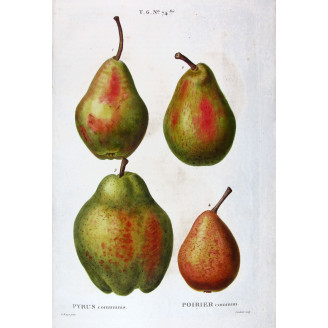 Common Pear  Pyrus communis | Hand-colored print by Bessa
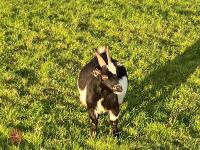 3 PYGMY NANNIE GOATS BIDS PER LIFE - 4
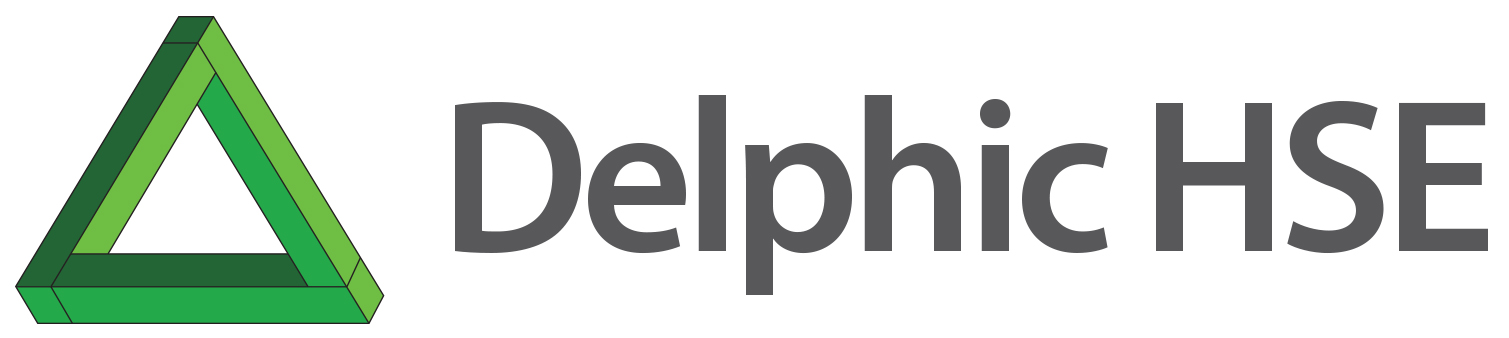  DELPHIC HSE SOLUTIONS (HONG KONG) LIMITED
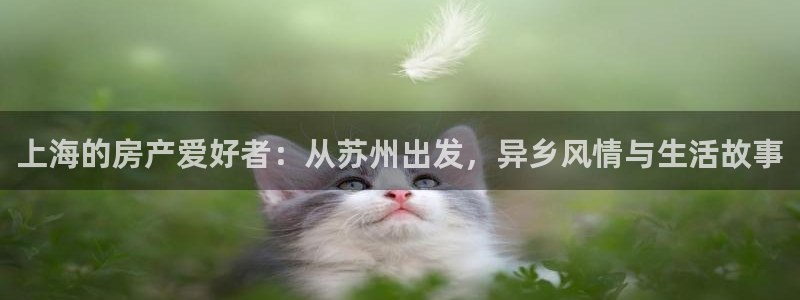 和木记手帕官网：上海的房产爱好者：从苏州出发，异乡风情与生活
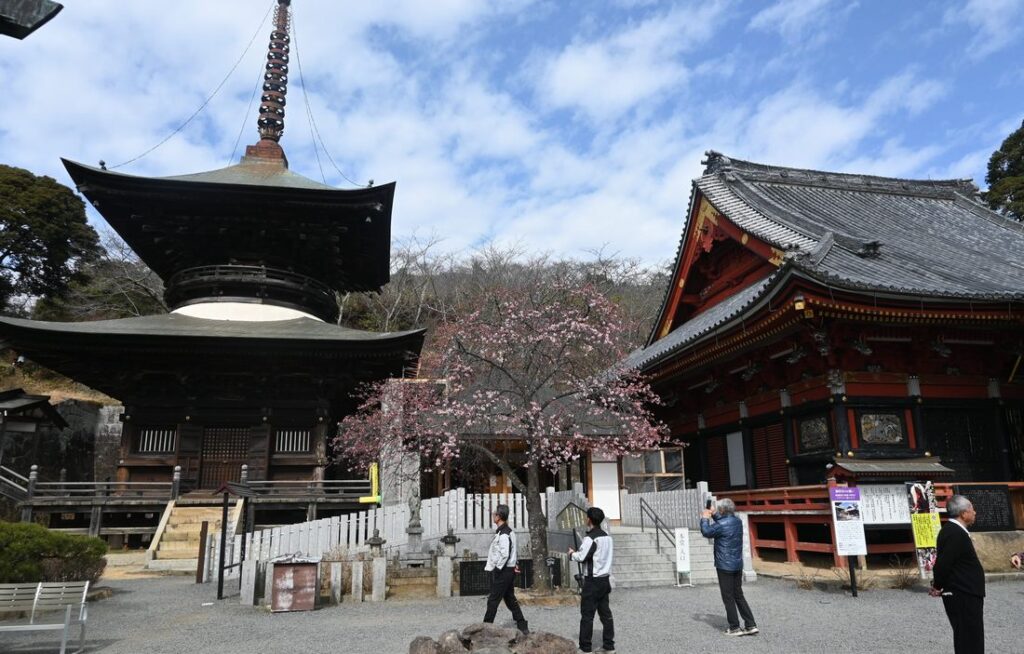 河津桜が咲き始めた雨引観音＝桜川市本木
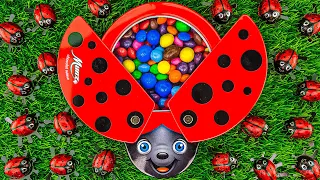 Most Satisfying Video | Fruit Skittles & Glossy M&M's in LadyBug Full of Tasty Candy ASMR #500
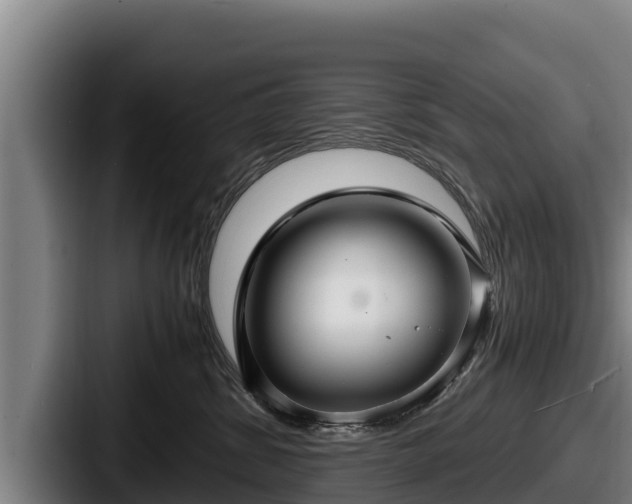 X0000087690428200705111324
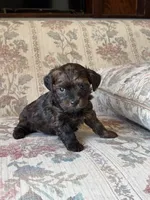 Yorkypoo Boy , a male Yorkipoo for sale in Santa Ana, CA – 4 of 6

[WHAT YOU HAVE TO DO]:
All text in the material above must be written out exactly; the images are to be skipped.

[REPLY]:
 Common Pear  Pyrus communis | Hand-colored print by Bessa
 3 PYGMY NANNIE GOATS BIDS PER LIFE - 4
  DELPHIC HSE SOLUTIONS (HONG KONG) LIMITED
 和木记手帕官网：上海的房产爱好者：从苏州出发，异乡风情与生活
 河津桜が咲き始めた雨引観音＝桜川市本木
 Most Satisfying Video | Fruit Skittles & Glossy M&M's in LadyBug Full of Tasty Candy ASMR #500
 X0000087690428200705111324
 Yorkypoo Boy , a male Yorkipoo for sale in Santa Ana, CA – 4 of 6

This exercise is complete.